Pipelining
- Let's look at the execution of an instruction
- Fetch the instruction
- Decode the instruction
- Fetch data
- Execute the instruction
- Store data
- What parts of our simple machine are in use durring any phase?
- If we made a change in our instruction set this would change somewhat
- The pc is independant of all other operations
- We do have some bus contention, but that can be worked out.

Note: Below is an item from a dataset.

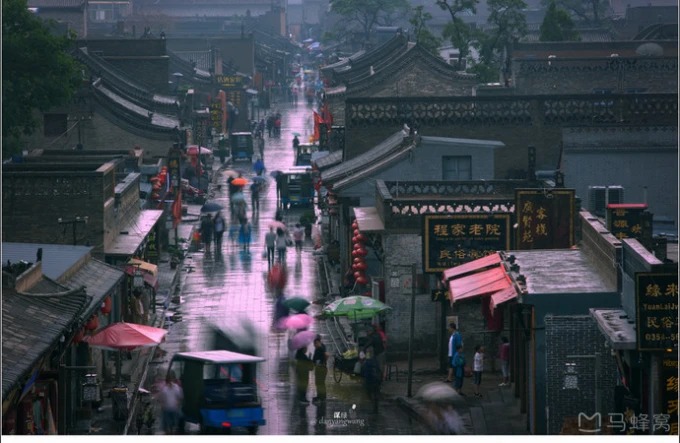 Wet stone streets and old rooftops in Pingyao's walled town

- We only use the ALU once
- Perhpas the registers twice
- But the memory is used multiple times
- Increase the number of registers
- The only instructions that interact with memory are load and store instructions
- Load R1 R2, R3 R1<-M[R2+R3]
- Store R1, R2, R3 M[R2+R3]<-R1
- We want two registers for array access, base plus offset
- All other operations are register register
- We would eliminate one of the memory access if we did this
- Fetch the Instruction
- Decode the instruction
- Execute the instruction
- Memory Operation
- Write Back
- Write back is for a load
- Fetch the load
- Decide it is a load
- Compute the address of the data
- load the data
- Store it in the registers
- Store
- F, D
- Compute the Address
- Save the Data
- Nothing
- Add R1, R2, R3
- F, D
- Compute R2+R3
- Nothing
- Save the result in R1
- Jump addres
- F, D,
- Compute Offset of jump
- Change PC
- Nothing
- Timing diagrams
- Instruction, time period: plot stage
- Stage, time period : plot instruction
- instruction, stage: plot time period
- Trace each way
- If we have a k-stage pipeline
- The clock rate is tp
- It can execute a single stage in tp
- It can execute a single instruction in k*tp
- It can execute two instructions in k*tp + tp
- This is really (k+n-1) * tp
- How would this work without a pipeline? n*k*tp
- One way to compute speedup is old time divided by new time.
- This would be ((k+n-1)*tp) / n*k*tp
- take out a tp, and we ale left with nk/(k+n-1).
- Take a limit as n goes to infinity, and we have k
- This is idealized, and we will see why it doesn't work in the end.